Debenhams has issued yet another profit warning.
The UK department store expects full-year profits to be lower than expectations due to “increased competitor discounting and weakness in key markets”.
The company expects profits to be between £35 million and £40 million, down from a previously revised forecast of £50.3 million.
In the 15 weeks to 16 June, like-for-like sales at stores open for over a year dropped by 1.7%, while digital sales rose by 16% in the same period.
The retailer said that it will be accelerating cost-cutting strategies and plans to move on to a “new leaner operating model” that will “unlock further opportunity to drive effencies in the future”.
Debenhams chief executive Sergio Bucher said the company will try and negotiate rent reductions with landlords on 25 locations.

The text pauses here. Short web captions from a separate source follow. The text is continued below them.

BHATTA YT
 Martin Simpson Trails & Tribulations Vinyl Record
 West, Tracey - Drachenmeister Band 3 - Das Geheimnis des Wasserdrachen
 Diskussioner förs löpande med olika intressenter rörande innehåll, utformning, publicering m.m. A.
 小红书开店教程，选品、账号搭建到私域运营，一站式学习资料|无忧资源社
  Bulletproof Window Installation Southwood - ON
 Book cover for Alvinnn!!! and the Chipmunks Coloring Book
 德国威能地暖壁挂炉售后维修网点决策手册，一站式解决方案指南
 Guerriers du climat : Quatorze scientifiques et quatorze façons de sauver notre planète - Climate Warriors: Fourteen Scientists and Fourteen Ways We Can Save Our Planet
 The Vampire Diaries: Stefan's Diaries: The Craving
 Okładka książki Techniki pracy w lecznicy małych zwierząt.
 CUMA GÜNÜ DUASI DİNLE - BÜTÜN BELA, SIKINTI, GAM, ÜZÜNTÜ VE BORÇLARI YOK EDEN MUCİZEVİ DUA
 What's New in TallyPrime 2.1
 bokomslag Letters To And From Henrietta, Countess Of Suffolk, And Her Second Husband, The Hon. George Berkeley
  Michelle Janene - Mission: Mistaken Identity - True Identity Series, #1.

Debenhams will also be closing up to 10 loss-making stores and cut the size of at least 30 stores.
“It is well-documented that these are exceptionally difficult times in UK retail and our trading performance in this quarter reflects that.
“We don’t see these conditions changing in the near future and, because it is our priority to maintain a robust balance sheet, we are making very careful choices about how we deploy capital.
“We see clear evidence of progress as our digital growth outperforms the market and customers respond positively to our product improvements and format trials.
“We have also put in place a leaner operational structure and made a number of important hires so that we are well-equipped to navigate the market turbulence.”
The profit warning comes as many high street retailers in the UK face challenges as consumers shift more towards online shopping.
Shares in Debenhams dropped by almost a fifth in early trading down on Tuesday down to 16.9p.